For your investments
As mentioned above, unfortunately if you are invested in cash and are relying on interest to grow your savings, this will take a knock. Banks are likely to reduce their savings rates in line with the interest rate cut of 1%. What does this mean for the growth of your money? For every R100,000 sitting in cash, you will earn R1,000 less in interest per annum. This highlights the importance of having a diversified portfolio where you do have exposure to growth assets in order to ensure you do get real growth over the long-term, and only your emergency funds should be retained in a money market type account, which should allow for immediate access.
We recommend the Investec Private Banking CCM Money Market account, which we administer on behalf of Investec Private banking, allowing it to offer an extremely competitive rate, and is linked to the average of the top 4 qualifying money market accounts, while still allowing access to your funds within 48 hours.

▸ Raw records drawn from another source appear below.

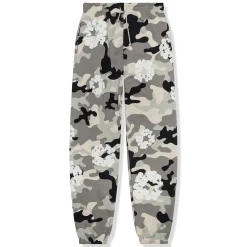Denim Tears White Camo Cotton Wreath Sweatpants< Bottoms|Sweatpants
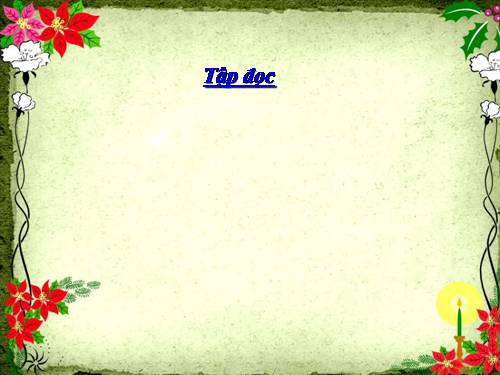 Tuần 17. Tìm ngọc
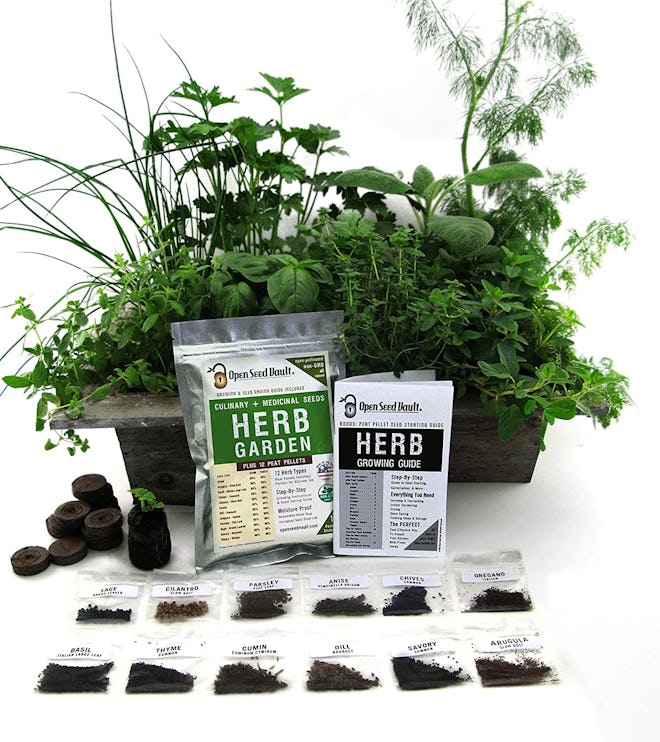 Open Seed Vault Heirloom Herb Kit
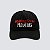 Pleasures x Rolling Stone Boné Preto - Imagem 1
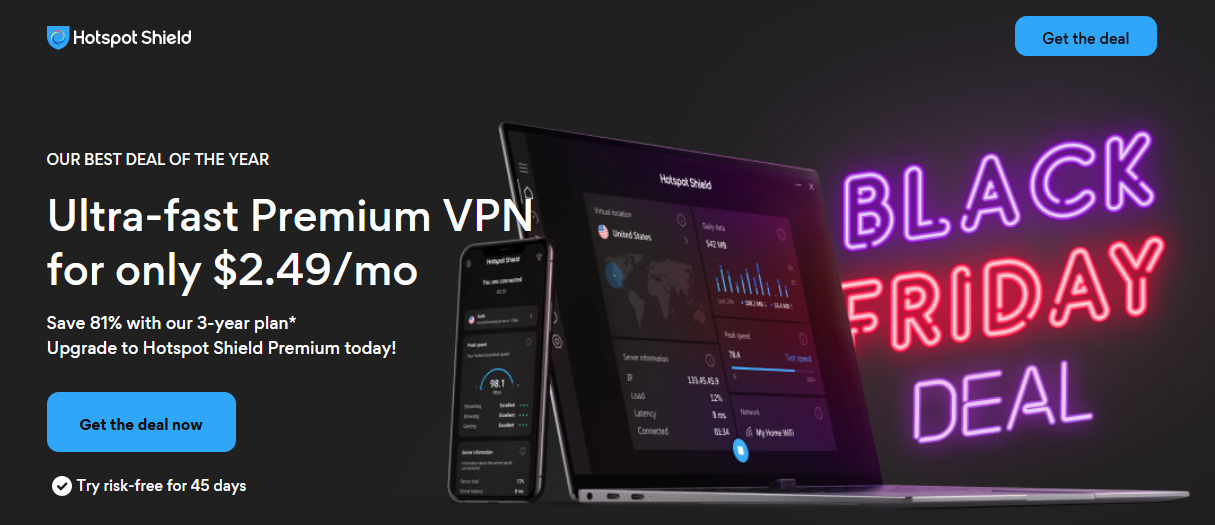 Les 15 Meilleures Offres VPN Du Black Friday Cyber Monday 2022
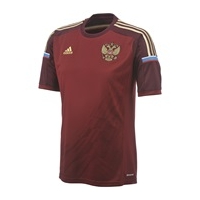 Russia Home Shirt 2014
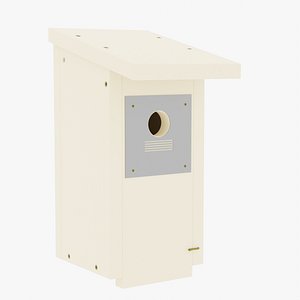 Wooden Bird House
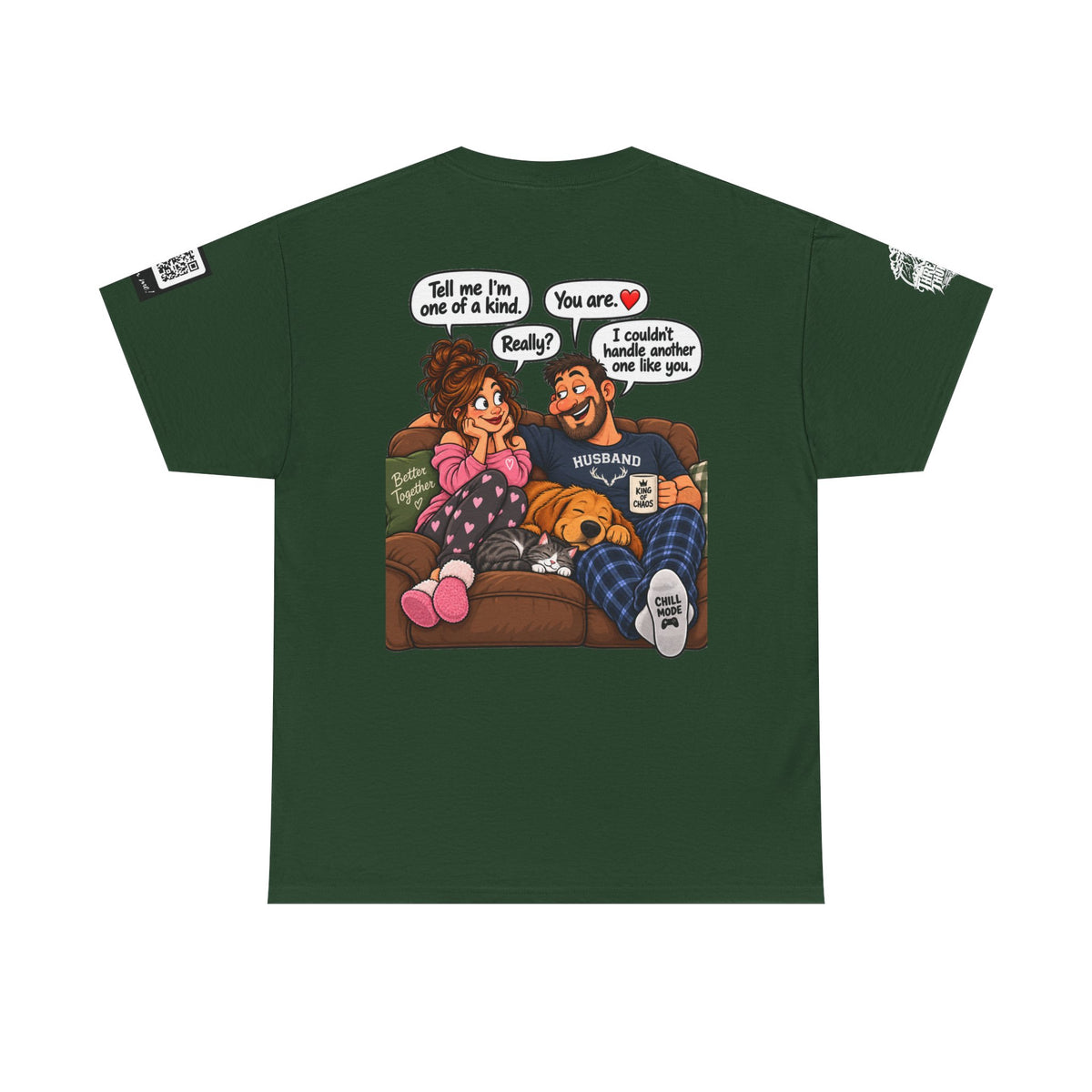 You’re One of a Kind — I Couldn’t Handle Another One Back Graphic Tee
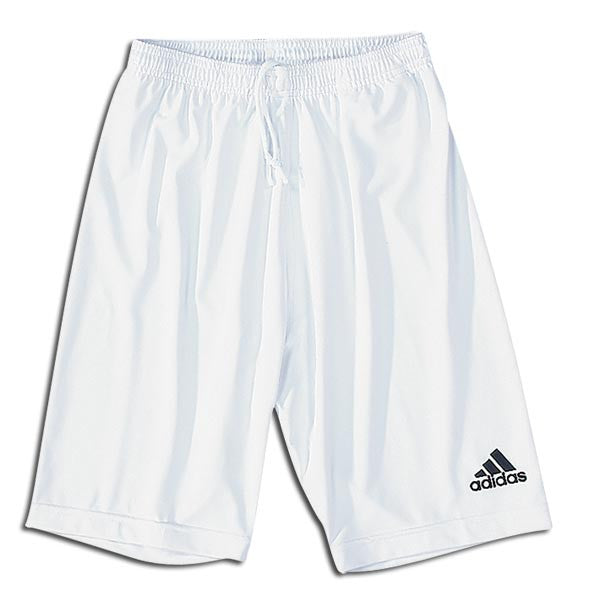 adidas Mens Samba Tight - White Shorts White/Black Mens Small - Third Coast Soccer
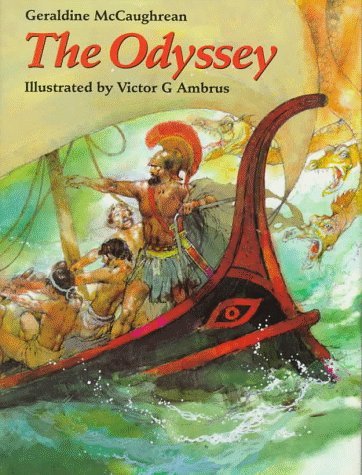 By Geraldine McCaughrean - The Odyssey (1995-04-07) [Hardcover] book cover
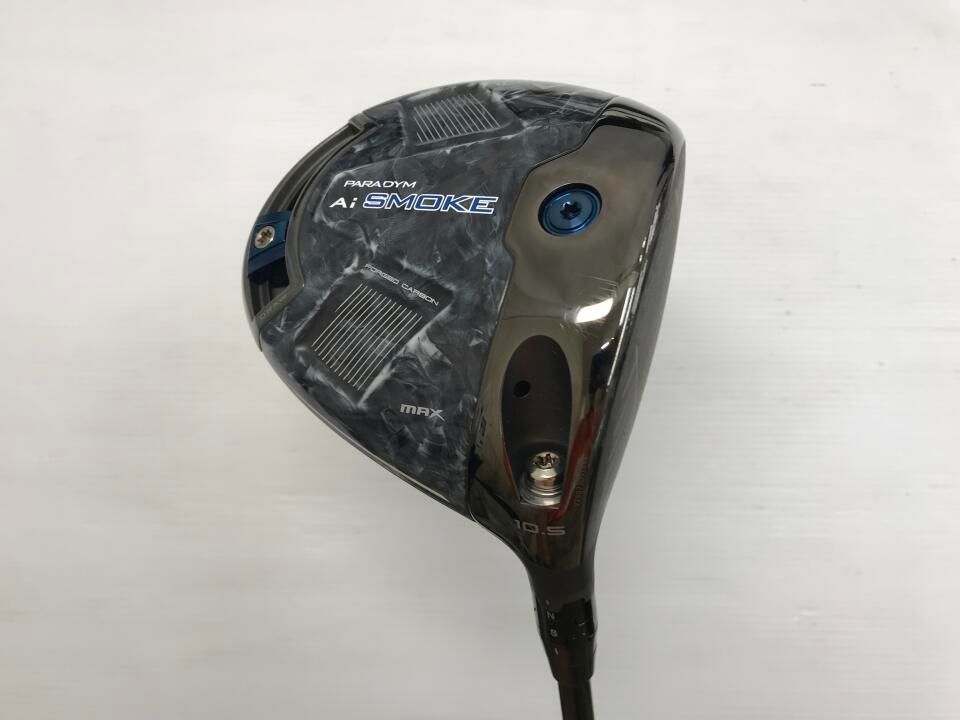 最短 PARADYM Ai SMOKE MAX | 10.5 | R | TENSEI 40for Callaway | | ドライバー | キャロウェイ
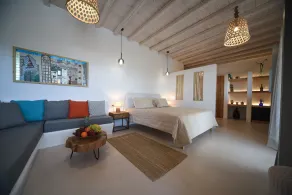Myconian Crown Suites by Mr and Mrs White - Room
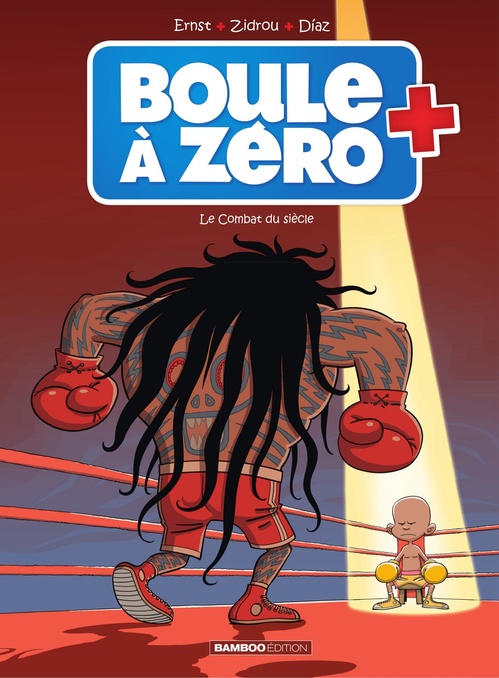 Couverture ebook de Boule à zéro - Tome 9, de Zidrou, Serge Ernst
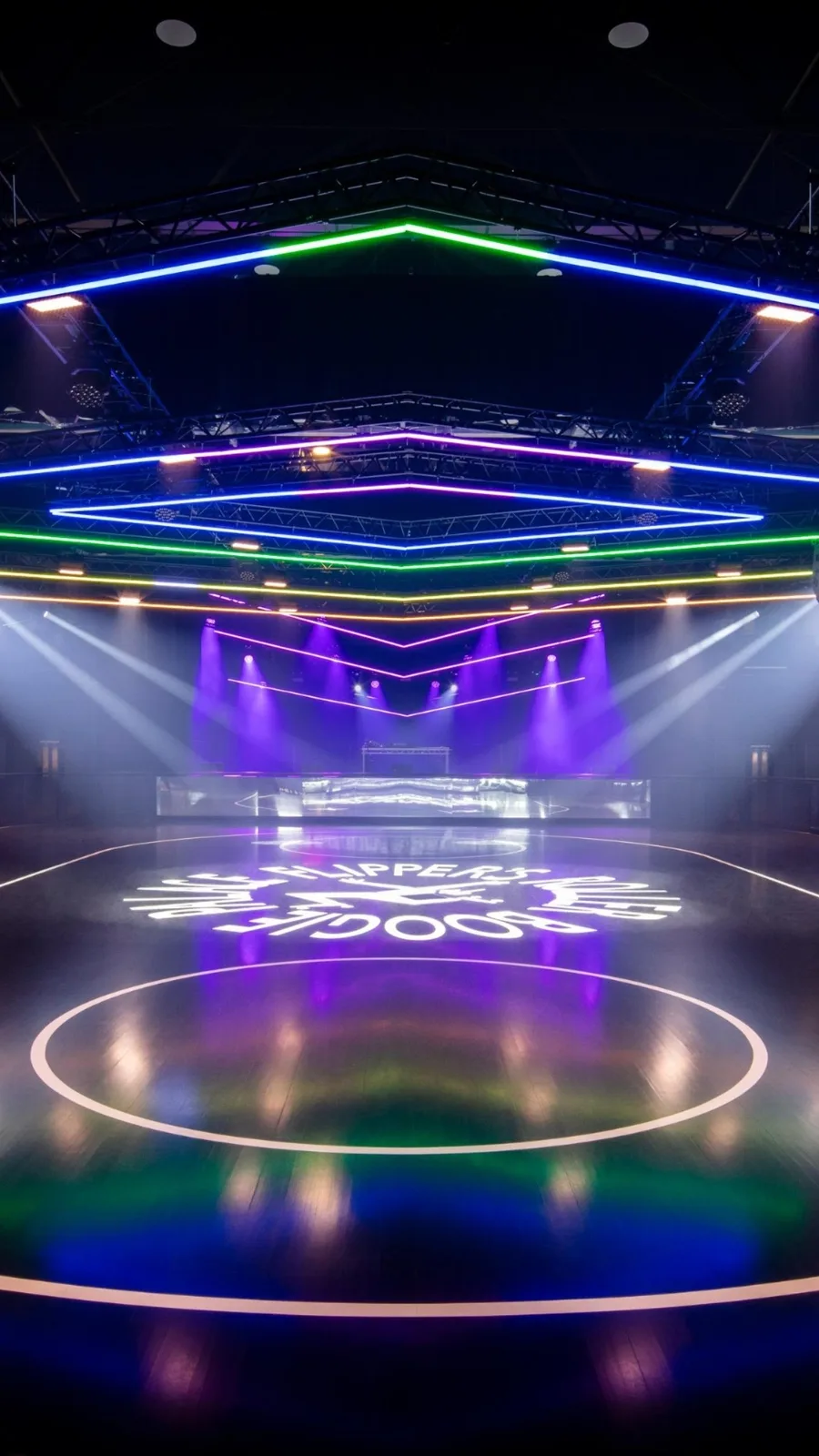 Neon Places in London: Flipper's Roller Boogie Palace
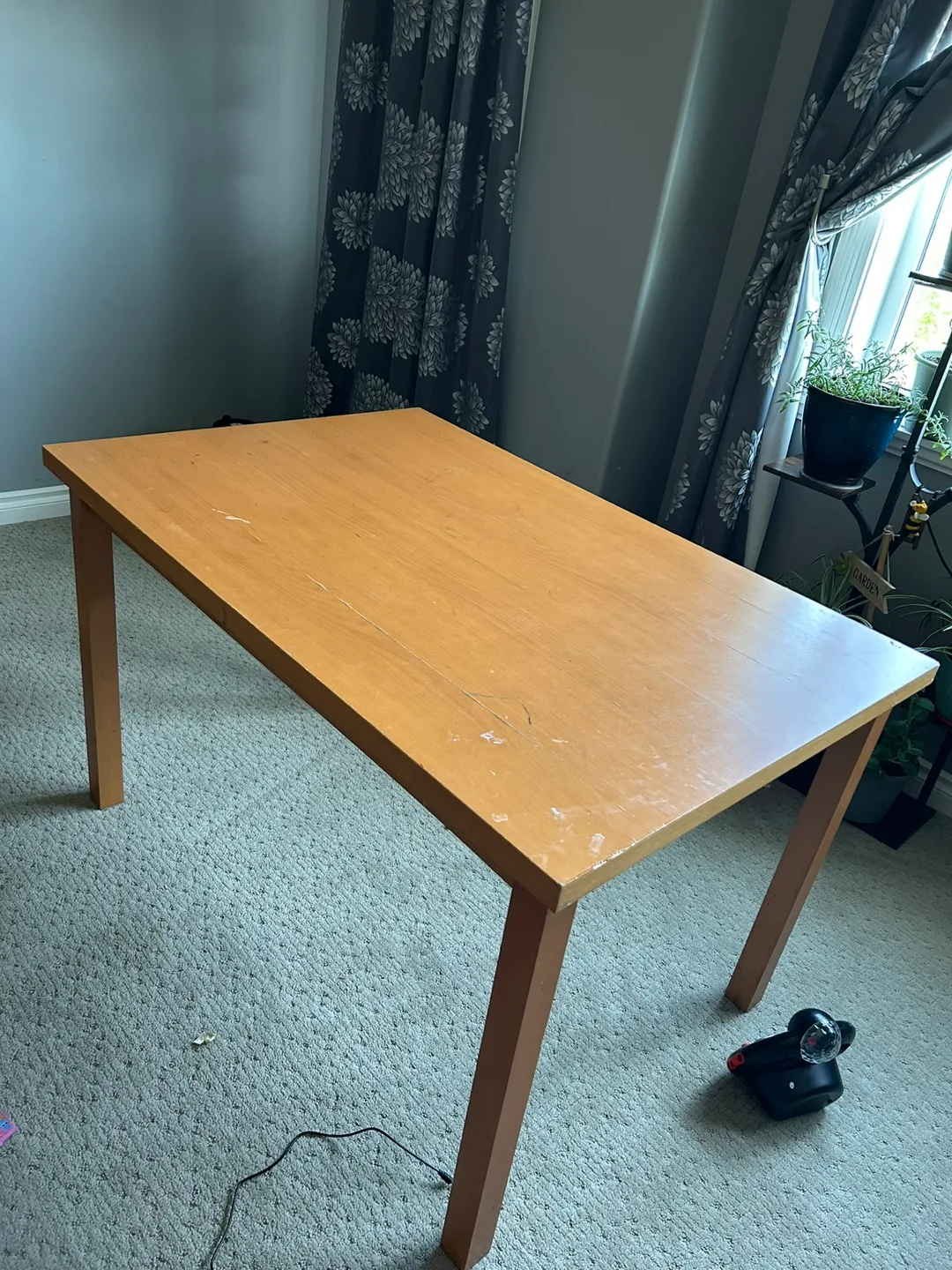 Small Wooden Table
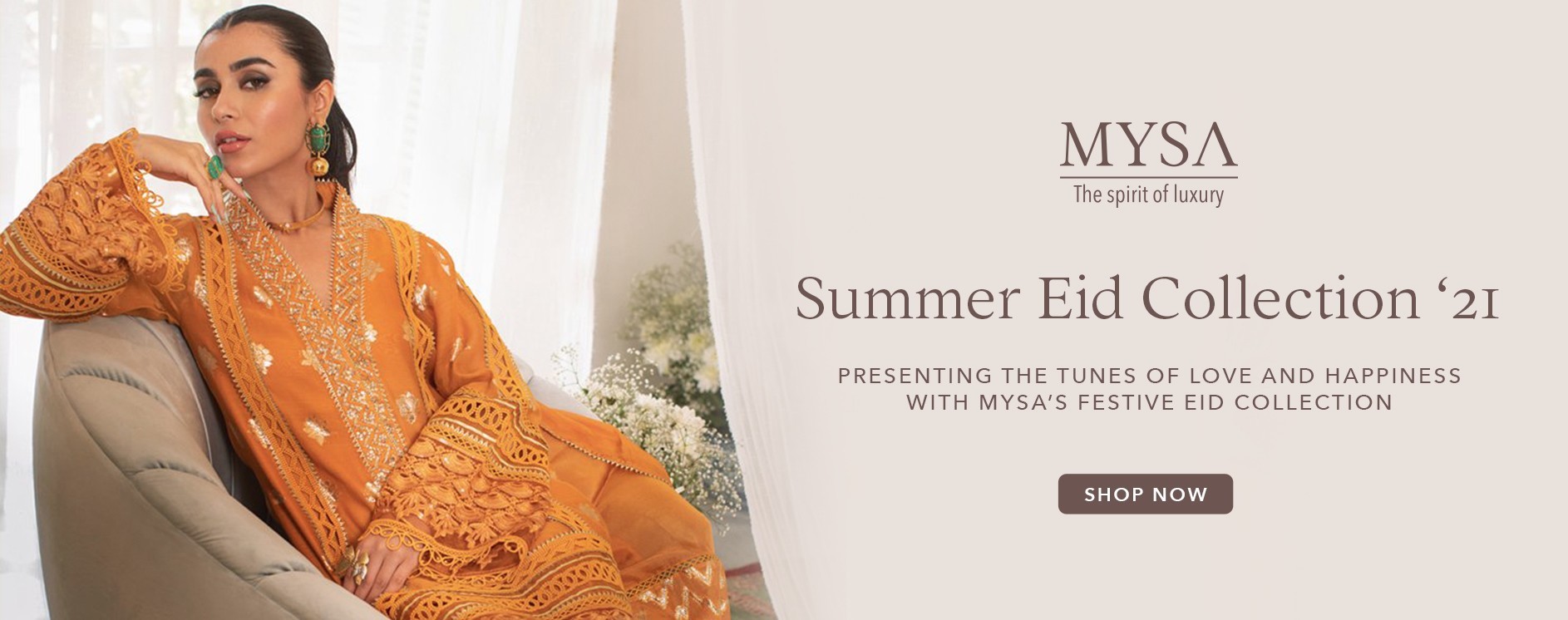 Summer Eid Collection - Buy Eid Collection 2021 - Mysa.pk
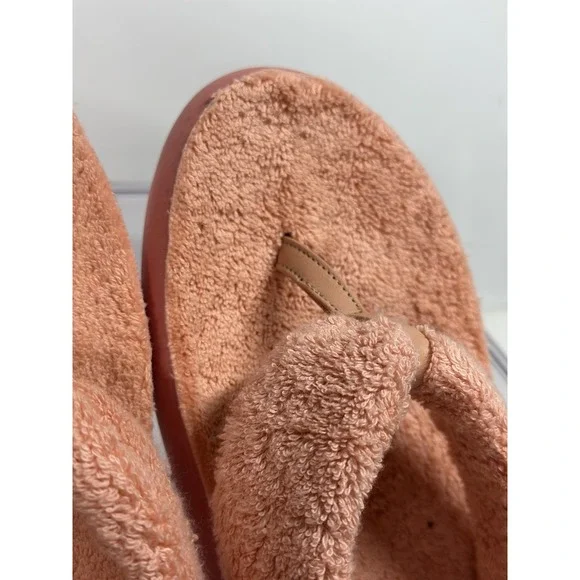 Ancient Greek Sandals Charisma Terry Pink Thong Sandals Womens EU Size 42 US 11 - Picture 4 of 10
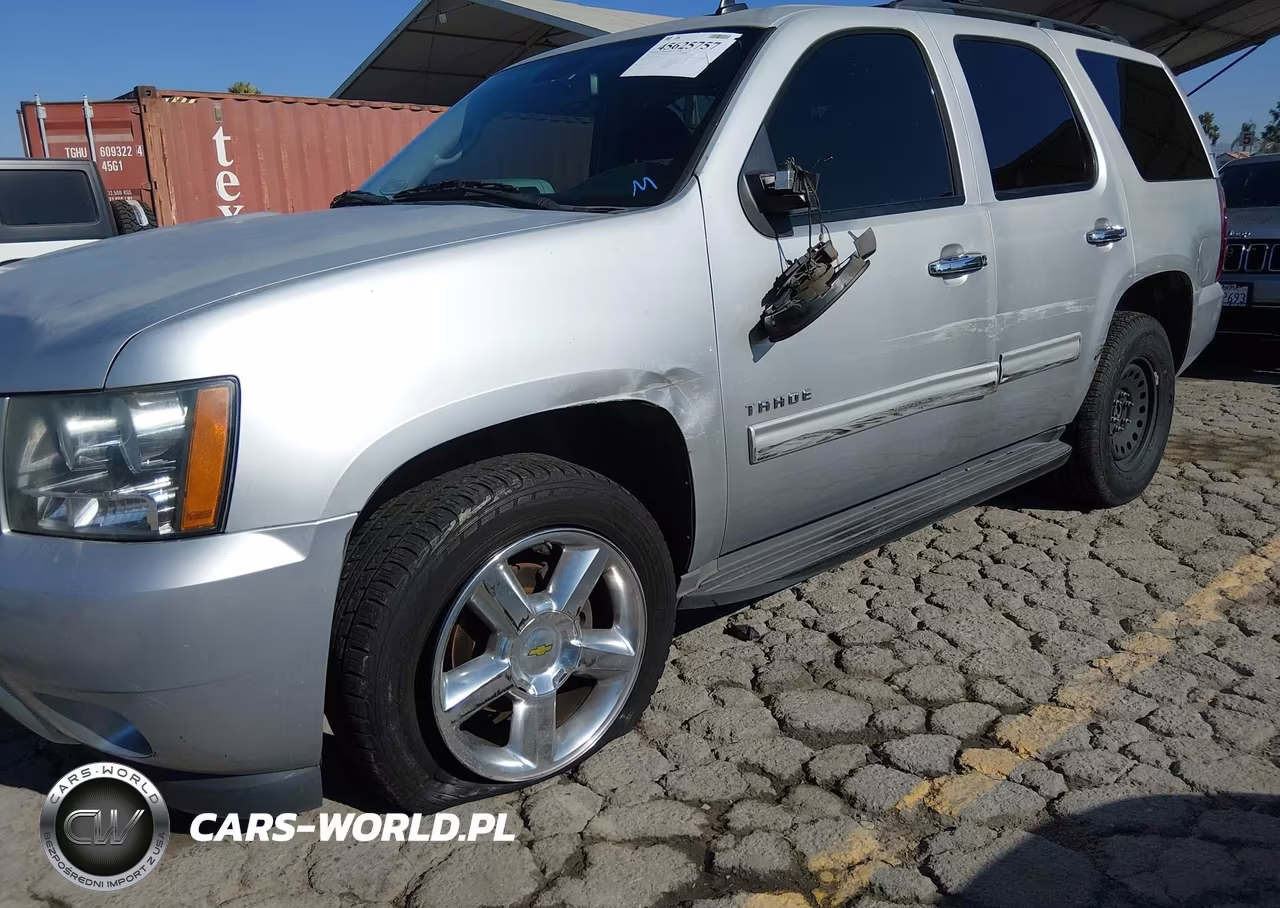 2013 Chevrolet Tahoe Ls VIN:1GNSCAE04DR173530 - 6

The outlook for further cuts
Johann Els, head of economic research at Old Mutual, says South Africa’s GDP growth could go deeper into negative territory in 2020 than the -1.5% recorded in 2009 during the global financial crisis. “My preliminary, real GDP forecast is closer to -2.0% for 2020 with headline inflation forecast at 3.5% for 2020. That is significantly weaker than the Reserve Bank’s -0.2%.” He goes on to say, looking ahead, he believes there is room for more rate cuts over the next few quarters as inflation and growth will likely both surprise on the downside relative to the Bank’s forecasts.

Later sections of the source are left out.